My worldview is influenced most significantly by what you might call the punk rock ethos. By this, I mean not just the music and fashion particular to a certain counterculture movement that began in the late 1970’s. I mean the whole aesthetic and ethic that came out of this era and continues to influence life and culture today. But punk is, of course, just an example or manifestation of a movement that has existed for as long as there have been mass societies.
This movement has gone by many names over the course of history. In any society where a certain culture dominates and enforces norms, there will be those who feel they do not connect, in large part, with those norms. In our modern-day society this displacement is largely symbolic and emotional, but in the past it has resulted in actual physical ostracizing of the people in question.
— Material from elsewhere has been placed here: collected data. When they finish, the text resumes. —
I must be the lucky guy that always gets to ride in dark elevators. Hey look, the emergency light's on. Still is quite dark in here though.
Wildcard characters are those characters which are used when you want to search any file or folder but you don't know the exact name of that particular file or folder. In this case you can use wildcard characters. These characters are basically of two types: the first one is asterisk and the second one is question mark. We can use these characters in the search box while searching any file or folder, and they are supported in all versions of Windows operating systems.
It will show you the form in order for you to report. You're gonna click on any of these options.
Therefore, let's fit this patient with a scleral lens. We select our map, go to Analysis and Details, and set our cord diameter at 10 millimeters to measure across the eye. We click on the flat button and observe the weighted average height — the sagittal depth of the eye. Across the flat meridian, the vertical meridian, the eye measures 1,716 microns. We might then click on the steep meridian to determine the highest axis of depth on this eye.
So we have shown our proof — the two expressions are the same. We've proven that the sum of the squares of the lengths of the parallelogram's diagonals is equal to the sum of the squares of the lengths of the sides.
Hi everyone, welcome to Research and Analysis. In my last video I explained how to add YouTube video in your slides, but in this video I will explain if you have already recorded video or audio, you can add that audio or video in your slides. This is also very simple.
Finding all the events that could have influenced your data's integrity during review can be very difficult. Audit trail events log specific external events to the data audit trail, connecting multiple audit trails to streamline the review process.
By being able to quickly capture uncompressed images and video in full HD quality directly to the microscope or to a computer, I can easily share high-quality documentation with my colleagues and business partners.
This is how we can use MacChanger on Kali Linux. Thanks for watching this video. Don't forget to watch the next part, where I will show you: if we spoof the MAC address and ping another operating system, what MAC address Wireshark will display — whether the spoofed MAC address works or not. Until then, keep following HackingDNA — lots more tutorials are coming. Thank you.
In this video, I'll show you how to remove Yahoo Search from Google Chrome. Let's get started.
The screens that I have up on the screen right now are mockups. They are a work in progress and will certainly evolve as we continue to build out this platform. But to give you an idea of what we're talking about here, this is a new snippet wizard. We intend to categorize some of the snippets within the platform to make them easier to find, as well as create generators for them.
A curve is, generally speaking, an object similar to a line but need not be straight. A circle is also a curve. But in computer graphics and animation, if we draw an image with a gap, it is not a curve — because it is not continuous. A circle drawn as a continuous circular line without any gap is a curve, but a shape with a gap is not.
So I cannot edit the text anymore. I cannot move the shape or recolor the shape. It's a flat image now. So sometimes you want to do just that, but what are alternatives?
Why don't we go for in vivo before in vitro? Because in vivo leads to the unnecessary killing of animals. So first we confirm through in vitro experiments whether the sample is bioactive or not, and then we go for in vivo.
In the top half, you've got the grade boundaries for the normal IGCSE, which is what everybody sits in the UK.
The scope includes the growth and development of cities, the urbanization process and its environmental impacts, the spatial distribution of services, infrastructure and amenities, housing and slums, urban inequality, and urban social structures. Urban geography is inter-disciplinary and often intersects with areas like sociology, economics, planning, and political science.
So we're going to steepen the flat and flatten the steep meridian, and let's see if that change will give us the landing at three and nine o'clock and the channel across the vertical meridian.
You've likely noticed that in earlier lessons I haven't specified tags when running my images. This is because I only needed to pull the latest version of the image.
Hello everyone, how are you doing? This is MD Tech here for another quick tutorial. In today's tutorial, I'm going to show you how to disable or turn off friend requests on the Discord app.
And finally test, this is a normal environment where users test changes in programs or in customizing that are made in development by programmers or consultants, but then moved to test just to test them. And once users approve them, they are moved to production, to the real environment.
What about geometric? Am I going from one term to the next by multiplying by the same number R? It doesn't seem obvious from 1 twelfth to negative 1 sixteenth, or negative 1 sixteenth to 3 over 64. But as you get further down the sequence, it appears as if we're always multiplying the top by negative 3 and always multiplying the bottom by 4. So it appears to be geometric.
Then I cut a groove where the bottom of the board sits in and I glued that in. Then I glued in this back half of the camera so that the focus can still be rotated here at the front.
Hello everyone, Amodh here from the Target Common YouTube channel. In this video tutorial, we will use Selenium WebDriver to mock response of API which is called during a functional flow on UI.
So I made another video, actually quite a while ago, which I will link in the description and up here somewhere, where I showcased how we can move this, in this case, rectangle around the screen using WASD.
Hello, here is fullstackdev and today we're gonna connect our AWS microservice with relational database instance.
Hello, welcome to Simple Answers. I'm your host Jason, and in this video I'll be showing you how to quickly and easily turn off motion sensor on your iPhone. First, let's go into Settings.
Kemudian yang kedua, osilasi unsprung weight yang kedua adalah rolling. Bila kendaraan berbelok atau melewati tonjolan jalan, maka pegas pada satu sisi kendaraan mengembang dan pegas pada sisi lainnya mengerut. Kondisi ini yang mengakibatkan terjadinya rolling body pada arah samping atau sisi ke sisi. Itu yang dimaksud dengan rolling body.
The various movements have shared a common view from the outside.
It is for this reason that I can find, for example, a kind of kindred spirit between monastic movements in the early Christian church and punk rock in the 1970’s and 80’s. There is a spirit of resistance and removal. The goal is to resist the powers that be, and a removal of oneself from their influence. This movement is usually communal, and it is almost always viewed with great negativity by the segments of society that benefit most from the status quo.
There is also a belief common to these movements that another way of living is possible. In other words, the status quo as given is neither inevitable nor eternal. This requires a type of imagination, to see possibilities of things before they exist. Often this imagination comes to life in art forms and language that challenge the powers and are met with disdain by the majority of the society. But the goal of such acts of speech and art is to, in the words of Dorothy Day, “comfort the afflicted and afflict the comfortable.”
So this is the starting place for a lot of my thinking. I am operating from an interpretive stance that takes mistrust of power structures as a given, and looks to possibility as a paradigm. In the next series of posts, I plan to explore some of the specific influences and manifestations of this paradigm and how they continue to inspire and challenge me.